In 1908 the Edric Hall was added to the side of the main building, providing examination and entertainment space. In the late 1920s the building was once again altered, this time by W Courtenay Le Maitre, with new floor levels and façade, and an extra storey added. The building and new facilities were officially opened by the Duke of York on 20th February 1930.
The building was hit by two bombs in the early morning of 30th September 1940, causing damage to Edric Hall and the classrooms above and below it. The building was again hit on 11th May 1941, with the bomb landing in the woodwork shop and well area behind the library and Stanley Gymnasium. Incendiary bombs fell on the nights of 16-17th April and 19-20th April 1941, but these caused minimal damage. Refurbishment and repair works were carried out post-war and completed in the 1950s. During the 1960s plans were drawn up for the Tower and Extension Blocks which adjoined Borough Road Building and were completed in 1969.
Ingall House was built around 1870 and in 1950 became the first halls of residence used by the National College of Heating, Ventilating, Refrigeration and Fan Engineering to house in dormitories up to thirty teenage recruits on full-time courses. It was named after Dr Douglas Ingall, the first Director of the National College and was located at 8 Dulwich Wood Park. The building was included in the merger that formed the Polytechnic of the South Bank in 1970s and continued to provide student accommodation, though it was altered to provide 28 study bedrooms instead of the original 44. In the early 1990s the Polytechnic (now South Bank University) devised a new accommodation strategy whereby all halls of residence would be within walking distance of the Southwark campus. Consequently the University terminated the lease on Ingall House.

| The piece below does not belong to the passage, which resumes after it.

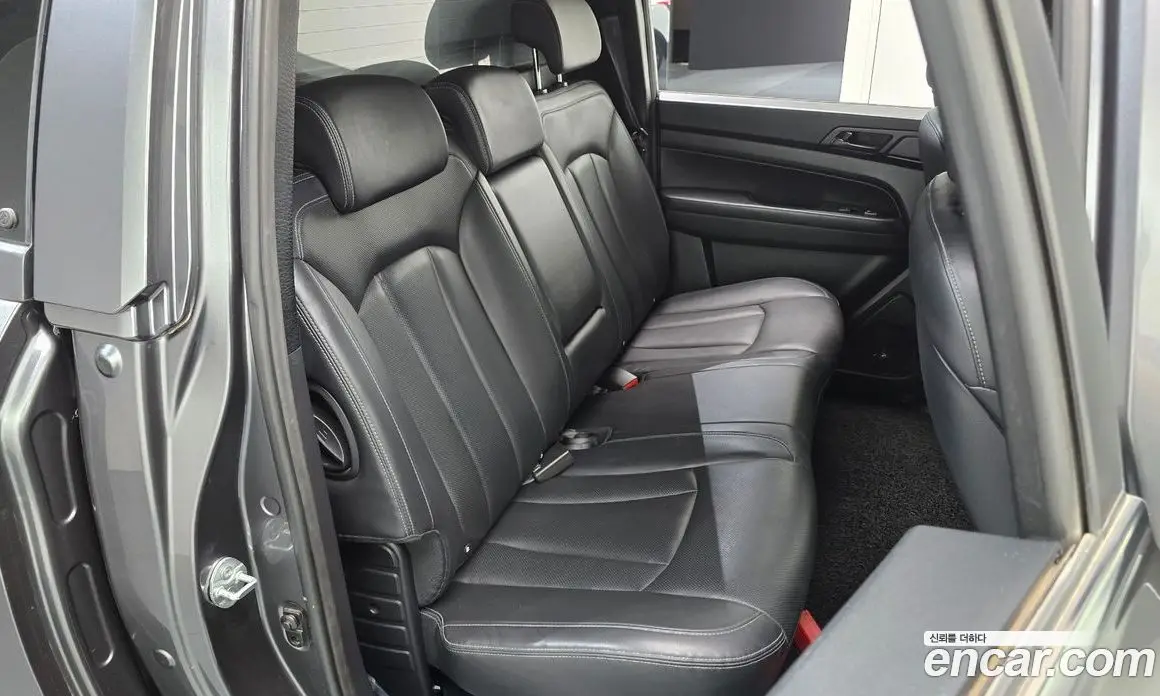 SsangYong Rexton 2019 2.2 автомат (гидро), фото 17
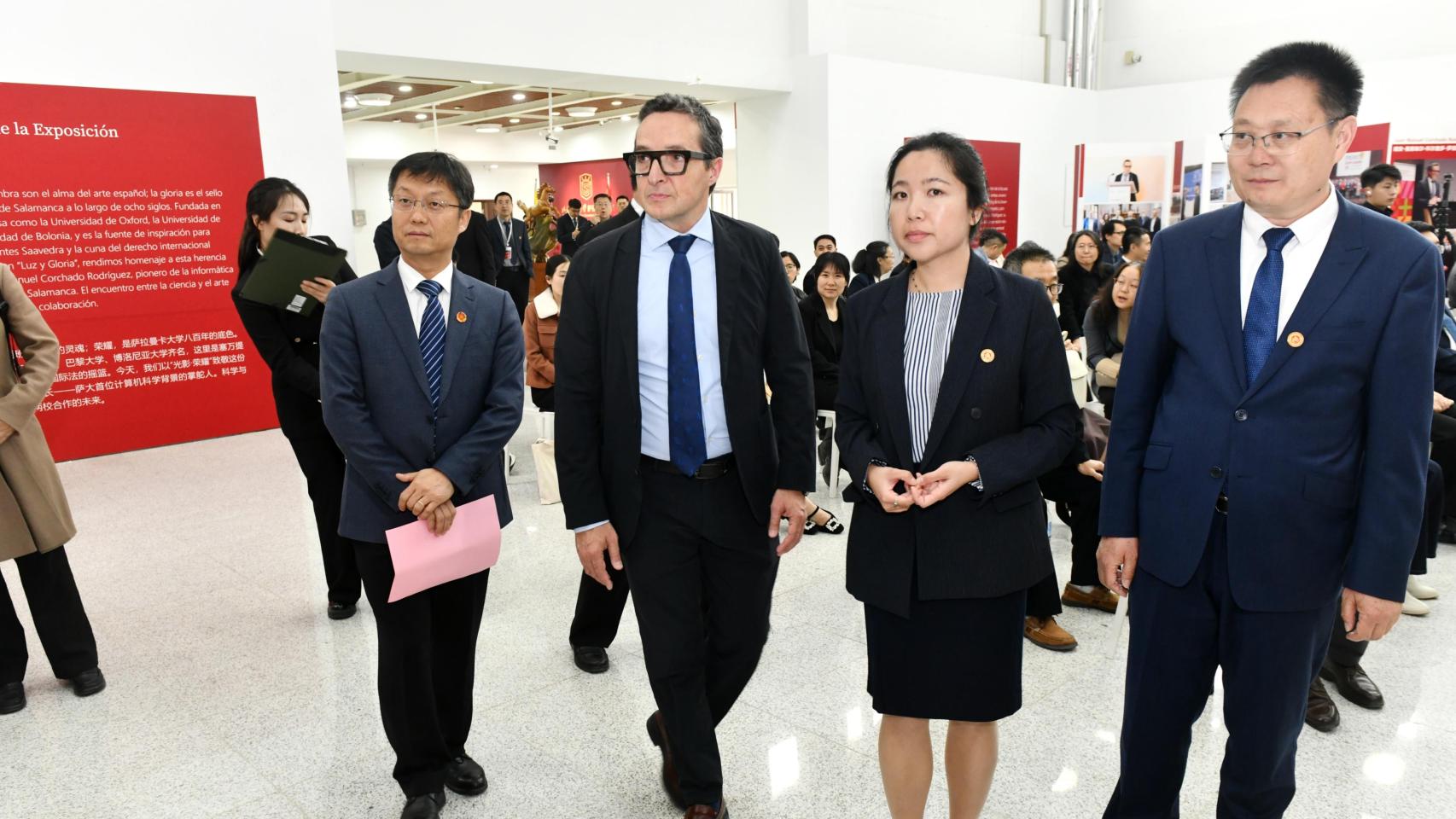 El rector Juan Manuel Corchado, durante su visita a la Shandong Jianzhu University, junto a su homólogo, Yu Dehu, y autoridades educativas chinas.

The Joseph Lancaster Block, Tower Block, Metal Block and Extension Block at 103 Borough Road, Southwark were officially opened on 9 July 1969 by the Duke of Edinburgh. The buildings were designed by Norman & Dawbarn Architects who also designed the Polytechnic's Turney Road sports pavilion and the BBC Television Centre at Shepherds Bush.
The Tower Block, Metal Block, Extension Block and Joseph Lancaster Block at 103 Borough Road, Southwark were officially opened on 9 July 1969 by the Duke of Edinburgh. The buildings were designed by Norman & Dawbarn Architects who also designed the Polytechnic's Turney Road sports pavilion and the BBC Television Centre at Shepherds Bush.
The Tower Restaurant opened in 1990 and was situated on the third floor of Tower Block. The Students Refectory was located on the second floor of Tower Block.
The Keyworth Centre was officially opened on 11 December 2003 by the Rt Hon Alan Johnson MP. As well as facilities for conferences and small events the Centre originally provided teaching space for the Faculty of Arts and Human Sciences and was a centre of excellence for the university's media courses.
Diary House at 77-79 Borough Road, Southwark was a former printing works from the 1860s and 1930s and housed Letts printers. In 1991 South Bank Polytechnic leased the building for the newly incorporated South West London College. The building no longer forms part of the University's estates.
The Keyworth II or K2 building opened in 2009 and was designed by Grimshaw Architects. It housed the Faculty of Health and Social Care, the Department for Education, parts of the Department for Sport and Exercise Science and the Centre for Efficient and Renewable Energy in Buildings (CEREB). At the start of construction in 2007 a time capsule was buried on site including a local newspaper, coins dated 2007 and photographs and other materials from the faculties and departments which moved into K2.